Once we got through Boston and headed North towards the state of Maine, everything changed as the sky cleared and the sun shone. We drove for 3 hours along 3 and 4-lane open roads and enjoyed the New England Fall colours coming back to us again. We were heading for our log cabin.

During our trip-planning, we'd trawled the Internet trying to meet Nicki's wish-list for the cabin After hours of looking at site after site, we finally we found The One 6 weeks ago. As we drove closer, I hoped the pictures on the website would reflect reality.

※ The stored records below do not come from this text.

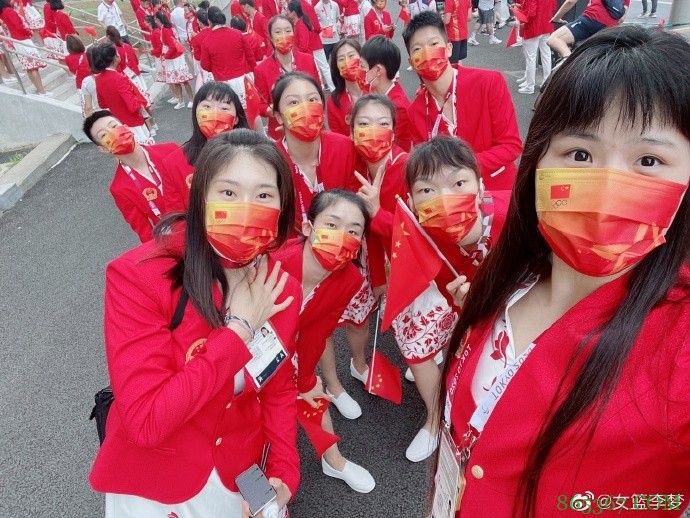 参加开幕式！女篮球员集体与姚明合影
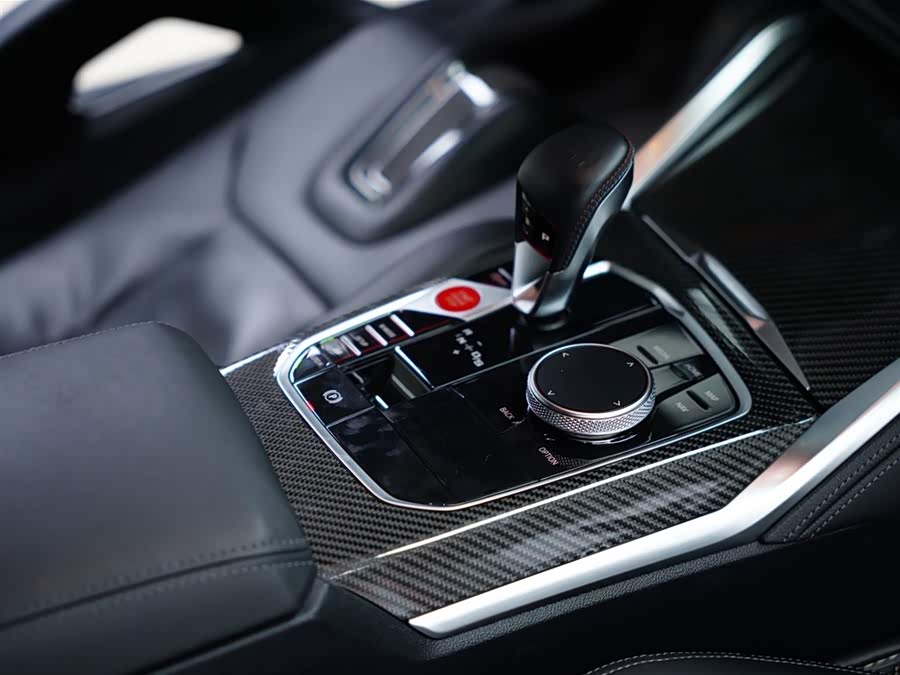 BMW M4 2024 immagine di auto #42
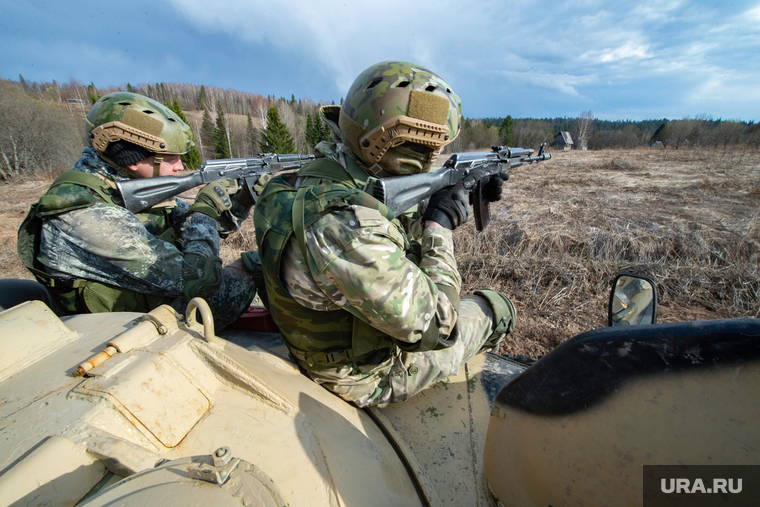 Военная подготовка к службе в зоне СВО. Центр Стрелец.Пермь, оружие, стрелки, спецназ, чвк, вс рф, сво, армия россии, штурмовики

We left the Interstate and drove onto onto US-1, a lovely calm road lined by carefully tended houses and rough shack-like stores (“Ed's Stuff” was one of them, the frontage a mishmash of useless and incongruent stuff, like used tyres and birdcages). Seeing signposts to typical English places like Falmouth, Sandwich (East and West), Newcastle and Salisbury is something we should have expected, it being New England, but it still made us smile each time a new sign to a familiar town name in unfamiliar territory appeared.

30 miles from the cabin, we stopped at a supermarket and got our second shock about prices of food. We had done our first shopping in a supermarket on the edge of New York and put the higher-than-UK/NL cost down to the proximity to NY. Now in Maine, we saw standard wholemeal bread loaves for nearly 4 dollars, a can of soup was around 3 dollars, as was cauliflower and broccoli. Maybe we just went to the wrong supermarkets but it really shook our image of the cost of food here.

As we drove into Boothbay mid-afternoon, Nicki saw a lovely stretch of water and said, hopefully, “Is that our lake?”. The SatNav said 1 mile to go. We arrived at the cabin after a few twists and turns off the main road and sure enough, it turned out to be all the things we had hoped for – comfortable, cosy, secluded, surrounded by a non-pine forest and overlooking a lake. To see natural wood everywhere you look in the house is a warming feeling. We have a log fire stove, plenty of space, nature all around, and complete peace and quiet.

Isn't it strange how difficult it is to describe complete happiness? Describing flawed joy is so much easier. This cabin is about as close to complete happiness as I have ever known.